What is the number of lines in the entries that include the word "from"? Respond with the number only.
Top of The data
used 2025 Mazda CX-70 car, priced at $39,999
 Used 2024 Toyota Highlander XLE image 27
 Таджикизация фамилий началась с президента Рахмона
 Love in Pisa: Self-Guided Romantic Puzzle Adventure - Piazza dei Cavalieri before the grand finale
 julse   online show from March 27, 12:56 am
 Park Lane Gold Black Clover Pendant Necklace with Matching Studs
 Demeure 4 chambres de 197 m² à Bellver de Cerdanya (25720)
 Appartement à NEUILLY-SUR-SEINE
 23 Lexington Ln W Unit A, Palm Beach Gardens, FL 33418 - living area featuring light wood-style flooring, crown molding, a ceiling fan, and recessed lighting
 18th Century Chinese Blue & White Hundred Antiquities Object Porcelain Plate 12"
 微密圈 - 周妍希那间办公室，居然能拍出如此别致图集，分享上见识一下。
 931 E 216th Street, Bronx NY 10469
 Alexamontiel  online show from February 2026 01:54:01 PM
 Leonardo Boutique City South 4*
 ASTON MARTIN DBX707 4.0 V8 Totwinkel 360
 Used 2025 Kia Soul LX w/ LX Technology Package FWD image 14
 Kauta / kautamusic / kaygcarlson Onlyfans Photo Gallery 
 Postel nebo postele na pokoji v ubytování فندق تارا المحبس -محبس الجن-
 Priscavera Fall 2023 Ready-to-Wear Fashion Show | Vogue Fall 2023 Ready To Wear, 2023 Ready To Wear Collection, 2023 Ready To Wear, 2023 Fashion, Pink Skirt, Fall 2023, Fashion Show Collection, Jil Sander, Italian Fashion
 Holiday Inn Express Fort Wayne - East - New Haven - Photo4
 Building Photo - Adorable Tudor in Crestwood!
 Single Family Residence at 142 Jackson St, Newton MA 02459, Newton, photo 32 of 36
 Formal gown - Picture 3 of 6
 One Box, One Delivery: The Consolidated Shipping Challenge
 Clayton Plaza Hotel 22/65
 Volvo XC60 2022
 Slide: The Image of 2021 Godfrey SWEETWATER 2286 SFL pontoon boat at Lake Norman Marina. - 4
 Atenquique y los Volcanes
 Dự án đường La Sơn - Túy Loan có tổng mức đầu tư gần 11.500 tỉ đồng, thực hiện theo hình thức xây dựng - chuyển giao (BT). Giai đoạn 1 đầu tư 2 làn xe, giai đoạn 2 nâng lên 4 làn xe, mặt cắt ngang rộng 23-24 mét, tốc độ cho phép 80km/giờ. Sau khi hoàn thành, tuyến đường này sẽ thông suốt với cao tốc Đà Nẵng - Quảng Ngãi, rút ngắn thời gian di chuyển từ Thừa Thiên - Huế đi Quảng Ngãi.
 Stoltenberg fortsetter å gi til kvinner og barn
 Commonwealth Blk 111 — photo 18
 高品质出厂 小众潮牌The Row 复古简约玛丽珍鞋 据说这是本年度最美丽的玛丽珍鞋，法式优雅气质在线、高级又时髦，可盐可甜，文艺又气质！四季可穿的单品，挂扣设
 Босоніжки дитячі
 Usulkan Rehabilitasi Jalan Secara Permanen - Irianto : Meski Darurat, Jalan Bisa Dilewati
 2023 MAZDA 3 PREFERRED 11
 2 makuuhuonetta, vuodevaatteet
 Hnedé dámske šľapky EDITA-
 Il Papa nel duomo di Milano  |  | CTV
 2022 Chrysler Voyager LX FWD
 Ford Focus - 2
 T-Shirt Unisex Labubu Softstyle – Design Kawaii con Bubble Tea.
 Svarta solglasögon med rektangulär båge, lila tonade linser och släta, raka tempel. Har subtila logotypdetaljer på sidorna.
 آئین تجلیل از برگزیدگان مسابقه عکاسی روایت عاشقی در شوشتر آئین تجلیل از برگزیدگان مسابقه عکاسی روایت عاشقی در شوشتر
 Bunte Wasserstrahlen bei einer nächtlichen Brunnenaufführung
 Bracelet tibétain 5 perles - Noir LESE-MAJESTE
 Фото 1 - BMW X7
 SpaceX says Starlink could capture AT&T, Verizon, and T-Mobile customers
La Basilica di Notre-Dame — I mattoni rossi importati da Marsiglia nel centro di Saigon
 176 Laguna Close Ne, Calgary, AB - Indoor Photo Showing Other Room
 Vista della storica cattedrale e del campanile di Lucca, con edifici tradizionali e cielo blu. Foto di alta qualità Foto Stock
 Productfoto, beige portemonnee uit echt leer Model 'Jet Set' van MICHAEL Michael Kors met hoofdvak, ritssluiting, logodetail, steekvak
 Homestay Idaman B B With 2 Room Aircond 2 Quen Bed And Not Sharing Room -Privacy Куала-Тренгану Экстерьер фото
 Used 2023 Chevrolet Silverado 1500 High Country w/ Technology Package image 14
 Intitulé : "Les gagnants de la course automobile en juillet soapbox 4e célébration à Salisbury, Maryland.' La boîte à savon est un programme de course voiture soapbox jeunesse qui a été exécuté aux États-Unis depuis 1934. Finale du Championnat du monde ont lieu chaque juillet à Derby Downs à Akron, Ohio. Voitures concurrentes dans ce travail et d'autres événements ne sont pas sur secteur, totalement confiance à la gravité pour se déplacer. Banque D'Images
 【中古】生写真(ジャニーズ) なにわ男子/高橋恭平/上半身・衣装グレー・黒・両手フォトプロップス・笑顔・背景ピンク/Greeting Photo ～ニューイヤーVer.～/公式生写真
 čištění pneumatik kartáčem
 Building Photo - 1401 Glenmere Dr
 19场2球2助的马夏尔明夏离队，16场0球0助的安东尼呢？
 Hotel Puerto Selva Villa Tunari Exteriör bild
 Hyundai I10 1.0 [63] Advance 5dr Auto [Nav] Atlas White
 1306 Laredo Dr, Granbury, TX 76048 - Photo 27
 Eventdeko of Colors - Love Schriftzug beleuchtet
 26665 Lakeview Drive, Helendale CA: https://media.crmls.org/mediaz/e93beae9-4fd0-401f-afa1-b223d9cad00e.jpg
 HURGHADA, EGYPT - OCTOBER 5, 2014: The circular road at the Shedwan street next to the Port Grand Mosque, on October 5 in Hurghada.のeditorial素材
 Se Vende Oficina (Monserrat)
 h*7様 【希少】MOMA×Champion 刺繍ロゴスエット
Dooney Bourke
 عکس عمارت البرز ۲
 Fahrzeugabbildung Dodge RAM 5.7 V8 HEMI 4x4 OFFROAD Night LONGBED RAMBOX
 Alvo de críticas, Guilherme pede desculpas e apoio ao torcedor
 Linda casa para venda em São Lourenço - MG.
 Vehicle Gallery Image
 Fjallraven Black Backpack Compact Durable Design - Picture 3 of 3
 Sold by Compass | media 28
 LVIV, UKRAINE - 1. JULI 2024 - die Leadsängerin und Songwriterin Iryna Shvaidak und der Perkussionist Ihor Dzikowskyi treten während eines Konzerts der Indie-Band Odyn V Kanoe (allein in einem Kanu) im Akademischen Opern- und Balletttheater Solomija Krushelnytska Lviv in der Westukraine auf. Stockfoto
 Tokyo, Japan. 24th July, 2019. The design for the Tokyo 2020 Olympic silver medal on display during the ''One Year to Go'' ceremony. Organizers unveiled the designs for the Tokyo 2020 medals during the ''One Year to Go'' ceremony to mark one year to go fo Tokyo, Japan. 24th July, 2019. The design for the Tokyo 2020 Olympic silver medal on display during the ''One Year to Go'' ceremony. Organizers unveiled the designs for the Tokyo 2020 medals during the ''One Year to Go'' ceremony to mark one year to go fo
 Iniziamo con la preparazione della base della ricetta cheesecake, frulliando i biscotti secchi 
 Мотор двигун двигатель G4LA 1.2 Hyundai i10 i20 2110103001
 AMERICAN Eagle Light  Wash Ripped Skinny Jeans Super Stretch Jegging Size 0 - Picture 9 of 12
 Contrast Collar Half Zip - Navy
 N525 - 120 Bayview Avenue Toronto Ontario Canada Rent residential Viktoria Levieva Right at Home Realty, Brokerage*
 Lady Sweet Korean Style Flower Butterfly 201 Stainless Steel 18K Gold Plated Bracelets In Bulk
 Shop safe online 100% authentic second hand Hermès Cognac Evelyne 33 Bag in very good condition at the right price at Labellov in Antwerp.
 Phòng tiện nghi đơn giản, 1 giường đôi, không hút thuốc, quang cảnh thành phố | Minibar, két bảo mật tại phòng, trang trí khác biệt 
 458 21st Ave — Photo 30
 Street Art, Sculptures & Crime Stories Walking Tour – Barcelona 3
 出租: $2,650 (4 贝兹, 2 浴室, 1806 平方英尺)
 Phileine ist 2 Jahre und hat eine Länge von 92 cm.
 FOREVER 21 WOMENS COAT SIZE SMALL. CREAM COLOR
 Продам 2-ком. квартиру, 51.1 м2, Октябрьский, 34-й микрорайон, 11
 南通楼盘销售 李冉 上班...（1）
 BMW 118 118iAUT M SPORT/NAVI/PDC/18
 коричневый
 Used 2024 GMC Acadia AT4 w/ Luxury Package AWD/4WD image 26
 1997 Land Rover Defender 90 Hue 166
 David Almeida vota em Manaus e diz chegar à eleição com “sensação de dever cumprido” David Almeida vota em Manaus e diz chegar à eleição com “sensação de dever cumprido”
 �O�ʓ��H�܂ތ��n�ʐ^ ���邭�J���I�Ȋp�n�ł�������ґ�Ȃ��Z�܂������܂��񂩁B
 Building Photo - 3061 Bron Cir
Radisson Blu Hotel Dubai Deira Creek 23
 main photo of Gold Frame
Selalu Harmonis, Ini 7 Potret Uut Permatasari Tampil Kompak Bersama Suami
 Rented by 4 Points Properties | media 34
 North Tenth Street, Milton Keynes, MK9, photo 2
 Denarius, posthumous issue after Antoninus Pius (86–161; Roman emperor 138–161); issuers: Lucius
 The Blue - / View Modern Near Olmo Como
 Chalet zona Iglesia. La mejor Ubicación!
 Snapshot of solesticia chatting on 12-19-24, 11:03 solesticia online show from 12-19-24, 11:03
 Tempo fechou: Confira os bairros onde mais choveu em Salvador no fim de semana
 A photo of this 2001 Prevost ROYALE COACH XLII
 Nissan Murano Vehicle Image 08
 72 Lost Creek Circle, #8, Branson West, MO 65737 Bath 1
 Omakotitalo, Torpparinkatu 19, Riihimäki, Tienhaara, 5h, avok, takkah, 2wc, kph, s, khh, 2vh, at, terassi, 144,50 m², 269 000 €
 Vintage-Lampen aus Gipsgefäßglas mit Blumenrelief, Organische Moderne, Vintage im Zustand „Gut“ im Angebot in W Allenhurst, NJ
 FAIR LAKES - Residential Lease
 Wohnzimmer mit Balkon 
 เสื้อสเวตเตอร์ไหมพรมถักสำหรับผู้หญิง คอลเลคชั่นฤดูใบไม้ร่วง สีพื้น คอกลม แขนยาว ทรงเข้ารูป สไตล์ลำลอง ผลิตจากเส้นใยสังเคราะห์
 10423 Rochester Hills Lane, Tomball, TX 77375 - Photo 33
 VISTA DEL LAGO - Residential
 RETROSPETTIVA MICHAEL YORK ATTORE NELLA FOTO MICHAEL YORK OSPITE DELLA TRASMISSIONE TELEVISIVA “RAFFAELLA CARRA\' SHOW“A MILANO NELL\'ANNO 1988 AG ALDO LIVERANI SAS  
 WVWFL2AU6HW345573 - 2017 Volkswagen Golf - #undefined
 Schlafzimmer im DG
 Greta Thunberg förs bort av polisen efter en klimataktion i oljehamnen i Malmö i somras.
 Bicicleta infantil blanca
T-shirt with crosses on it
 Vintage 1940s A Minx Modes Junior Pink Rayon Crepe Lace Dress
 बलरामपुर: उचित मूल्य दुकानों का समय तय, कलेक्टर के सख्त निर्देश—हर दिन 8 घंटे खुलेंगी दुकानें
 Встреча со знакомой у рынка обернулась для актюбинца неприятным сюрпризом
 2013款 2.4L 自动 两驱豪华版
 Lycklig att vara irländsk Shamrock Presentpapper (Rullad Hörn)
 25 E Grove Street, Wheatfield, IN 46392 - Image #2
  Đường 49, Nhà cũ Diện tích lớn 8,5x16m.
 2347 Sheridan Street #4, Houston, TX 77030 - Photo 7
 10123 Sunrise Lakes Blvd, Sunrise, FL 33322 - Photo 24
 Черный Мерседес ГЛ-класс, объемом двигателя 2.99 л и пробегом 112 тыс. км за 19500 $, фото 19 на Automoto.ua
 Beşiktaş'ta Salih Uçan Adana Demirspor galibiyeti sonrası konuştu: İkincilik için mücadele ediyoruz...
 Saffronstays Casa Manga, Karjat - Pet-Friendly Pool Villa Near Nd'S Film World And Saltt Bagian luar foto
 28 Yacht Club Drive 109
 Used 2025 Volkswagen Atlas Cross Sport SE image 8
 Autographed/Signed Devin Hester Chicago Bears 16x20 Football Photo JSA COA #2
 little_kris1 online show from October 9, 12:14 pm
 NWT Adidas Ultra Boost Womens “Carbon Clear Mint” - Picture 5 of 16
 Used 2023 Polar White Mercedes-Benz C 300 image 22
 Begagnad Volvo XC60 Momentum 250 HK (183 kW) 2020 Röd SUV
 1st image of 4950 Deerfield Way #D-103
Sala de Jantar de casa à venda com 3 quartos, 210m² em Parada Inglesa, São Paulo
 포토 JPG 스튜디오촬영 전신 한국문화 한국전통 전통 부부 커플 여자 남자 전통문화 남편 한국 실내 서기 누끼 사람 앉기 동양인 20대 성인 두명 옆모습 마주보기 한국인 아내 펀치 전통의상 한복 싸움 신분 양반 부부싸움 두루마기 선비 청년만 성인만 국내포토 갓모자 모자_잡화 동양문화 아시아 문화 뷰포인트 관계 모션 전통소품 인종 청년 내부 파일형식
Bottom of The data
** Written answer **
4